We’ve written about Shopkick before: the 2009 loyalty startup uses its own specially designed location technology to detect when users walk into the physical locations of its merchant partners. Consumers get points for visiting brick-and-mortar stores, which can be redeemed for gift cards or various other prizes.
The app recently got a wave of big publicity, when Target announced that it would install Shopkick’s loyalty platform in each of its physical locations nationwide. Perfect timing, if we do say so ourselves, for a review of the app.
Of course, consumers have been reviewing the app for weeks now; each item in the iOS App Store gets an aggregate star rating based on user feedback, and in that regard Shopkick has done well, earning a 4.5-star rating based on 1,803 reviews. But is the high rating is merited?
I downloaded Shopkick to my own device, registered using my Facebook account (which was buggy, and caused the app to crash twice before working), and headed over to a nearby Target to take it for a spin. Challenge number one: you have to open the app to get your points — not necessarily a unique feature/requirement in the space, but still something that could deter ignition. Perhaps future innovations in push notification will make way for an improved version of this app down the road.
Anyway, I opened the app and received my points — then noticed that Shopkick rewards other behaviors beyond just walking into a store. Part two of the loyalty rewards program is a scavenger hunt: I was given a list of six products located throughout the Target store, and was told that I would receive even more points for scanning the barcode of each item using the Shopkick app. At first, this little shopping game seemed like a fun way to earn points.

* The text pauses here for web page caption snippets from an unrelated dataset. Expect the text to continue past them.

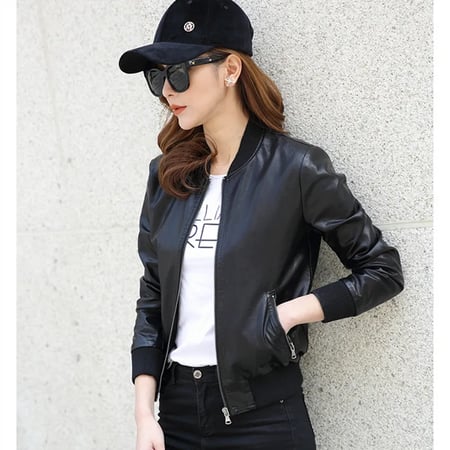 New Spring Women Motorcycle PU Leather Bomber Jacket Loose Student Biker Coat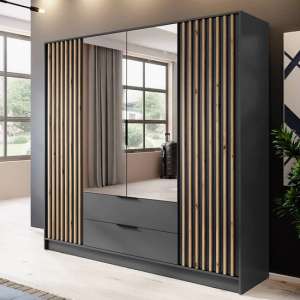 Norco Mirrored Wardrobe With 4 Hinged Doors 206cm In Graphite
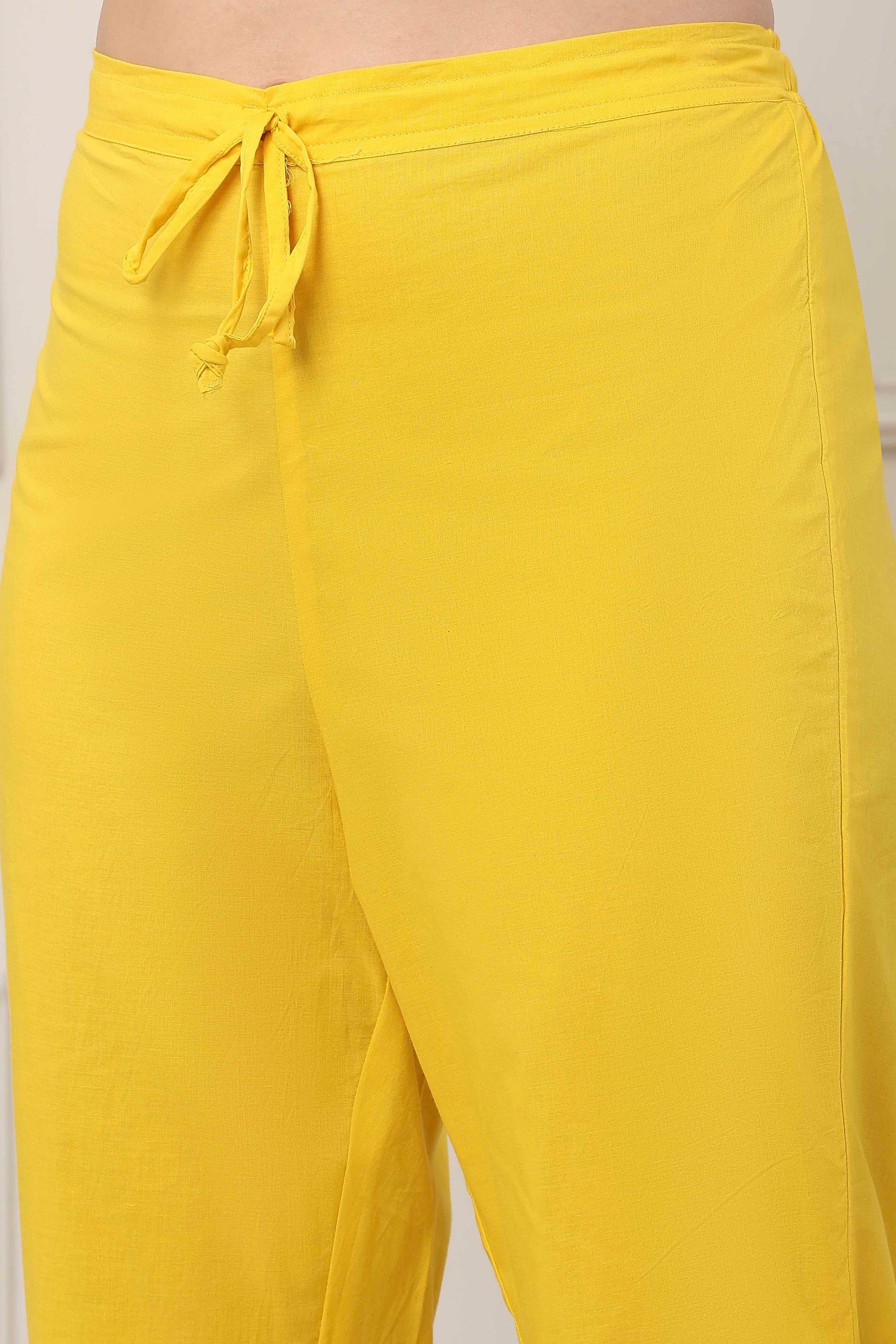 Yellow Cotton Flared Kurta Set with White Eyelet Embroidery, view 6 of 6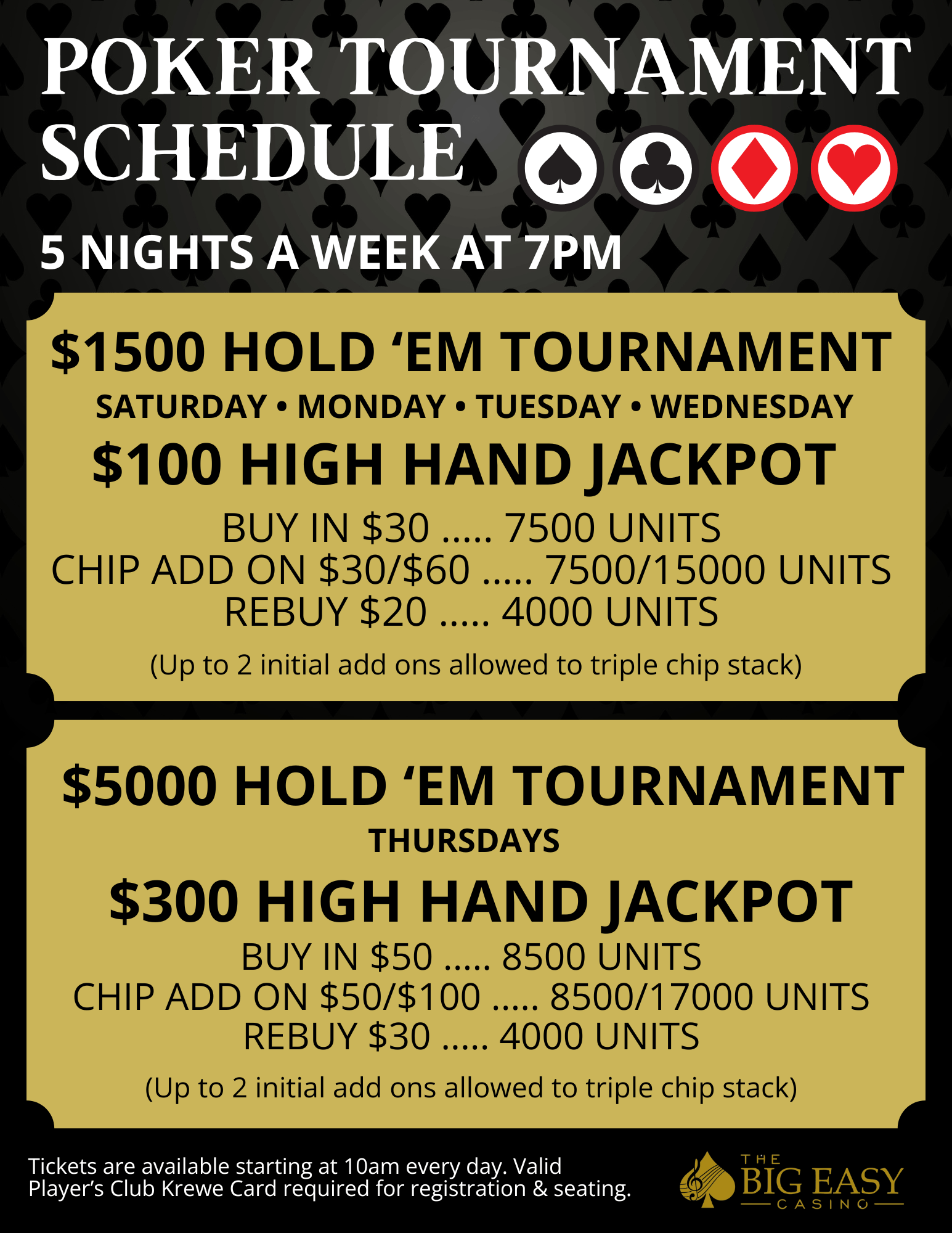 Poker Tournament Schedule at the Big Easy Casino in Hallandale Beach, Florida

But in retrospect I don’t think I’ll be going out of my way to use that feature again. Perhaps not surprisingly, the app sent me all over the store, from the health and beauty section to electronics to greeting cards, each time rewarding me with what I calculate to be roughly five cents worth of reward points. Maybe this’ll be a fun pastime for when my wife drags me to Target on future shopping trips? But in general, it’s hard to see what audience will be clamoring to participate in these loyalty games — certainly not the mom with two kids who wants to get in of the store and get right back out. So who’s the target?
That said, the scavenger hunt feature provides a compelling offer to individual product manufacturers. For example, I’d never heard of Luster until Shopkick gave me points for scanning its teeth whitening product — and right after I scanned it, I was prompted with a few survey questions about the brand, which I so generously decided to answer without being promised any additional points. But what other loyalty platform out there can get specific products into consumers’ hands in such a measurable way?
All told, my visit to Target using Shopkick got me about one-fifth of the way to a $5 gift card — which is one more dollar than I would have had without it, I guess. But getting paid a buck to go to a store and scan a few products wasn’t the day’s most interesting event.
No, the real “kicker” (pun intended) happened when I went next door to Best Buy, to a location that also happened to be signed up for Shopkick. There I met an employee who checks in and scans products every day — he’s being rewarded for working there! He told me that Shopkick had eventually cut him off from earning additional points, but when he looked again while I was in the store, he was able to earn another credit for going to work. An interesting wrinkle, no doubt.
That same employee highlighted an issue that could prevent Shopkick’s partnership with Visa, which began in November, from taking off: he’s hesitant to link his Visa card to his Shopkick account, despite a much larger points offer, because he’s worried about security. “I don’t know what this company’s doing with my information,” he said.
So there you have it, a detailed recap of the Shopkick mobile app loyalty platform. The points-for-scanning-products feature seems like a unique offer for individual brands, but I’m not sold on the idea that rewarding consumers for walking in is about to take off.